Rights issues are a safe bet in bear market situations

Rights issues are a safe bet in bear market situations

Prerna Katiyar, TNN

MUMBAI: Companies like SBI, Exide Industries and Gujarat NRE Coke recently announced rights issues. While their share prices have reduced considerably in the recent meltdown, they’re still trading above the rights price.

The equity market has seen a sharp correction in the past week. Just a couple of weeks ago, companies like SBI, Gujarat NRE Coke announced issuance of rights shares. SBI, for instance, announced a 1:5 rights issue at a price of Rs 1,590 per share.

While the share prices have seen correction (it was at the Rs 2,400-level some days back) to Rs 2,159, the rights price is still at a 25% discount to the latest market price. After adjusting for equity dilution, it’s still available at an 11% discount. The discount factor has reduced, but long-term investors could still consider rights issues like that of SBI, Exide Industries, Gujarat NRE Coke, Dhanalakshmi Bank, Centurion Extrusion if they are upbeat about business prospects.

What is a rights issue?

Rights issues are shares issued by a company only to its existing shareholders. In fact, rights issue is a method of raising further capital from the existing shareholders/debenture holders by offering additional shares on a pre-emptive basis, usually at a discounted price. The number of shares offered depends on the number of shares already held and other terms made in the offer. For example, if you hold 200 shares in XYZ and it makes an offer of one-for-two, you can buy up to 100 shares at the price stated.

Why the discount?

The main idea behind this is to make the issue attractive for its shareholders. Also, as the shares of the company usually fall post-issue due to equity dilution, it makes sense for the company to offer the shares at a discount.

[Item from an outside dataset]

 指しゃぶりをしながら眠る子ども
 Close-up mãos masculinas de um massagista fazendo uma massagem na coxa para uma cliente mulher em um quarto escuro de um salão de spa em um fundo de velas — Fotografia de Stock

Why does the company offer a discount and not go in for a further public offering (FPO)?

It’s money and nothing else. The company makes the offer to raise capital. This is done either to expand its existing business, set up a new plant, or even pay back loans. “It is largely because the company want to pass on the benefit to its existing shareholders that it makes the rights issue rather than going in for an FPO,” says SBI MF manager Jayesh Shroff. Also, the transaction cost for a rights issue works out to be lower than going in for an FPO.

I’m not a shareholder, can I still benefit from rights issue?

Yes, provided you become a shareholder of the company before the record date. While declaring a rights issue, a company also declares the record date or the date on which a shareholder must officially own shares in order to be entitled for the issue. For SBI, it is February 4, 2008.

One thing to be kept in mind is that you will not be entitled for rights issue if you buy the share on this date. You need to buy the stock two days before the record date for becoming a shareholder. Another important date to keep in mind is the closing date.

What options do you have?

Rights issue is offered to all its existing shareholders individually and you have the choice to reject it (which means, not to subscribe for any shares), accept it in full (subscribe for all the shares offered) or accept it in part. So you do have a right to say no to it.

Can I go in for more shares than offered?

Usually, shareholders are given a chance to subscribe for more shares than offered. Although, there is no guarantee that those number of shares will be allotted.

Is rights issue transferable?

Yes. You can sell them in the open market or transfer it.

Should one always go for it?

“Provided the investor is confident of the company’s management and the business model, one can go for the issue for the simple reason that he is getting the stock at a discount than the present market price,” adds Mr Shroff. Although, in a falling market, the lucrativeness of the offer is falling day by day, one may consider these issues as one is aware of the trading history and performance of the stock.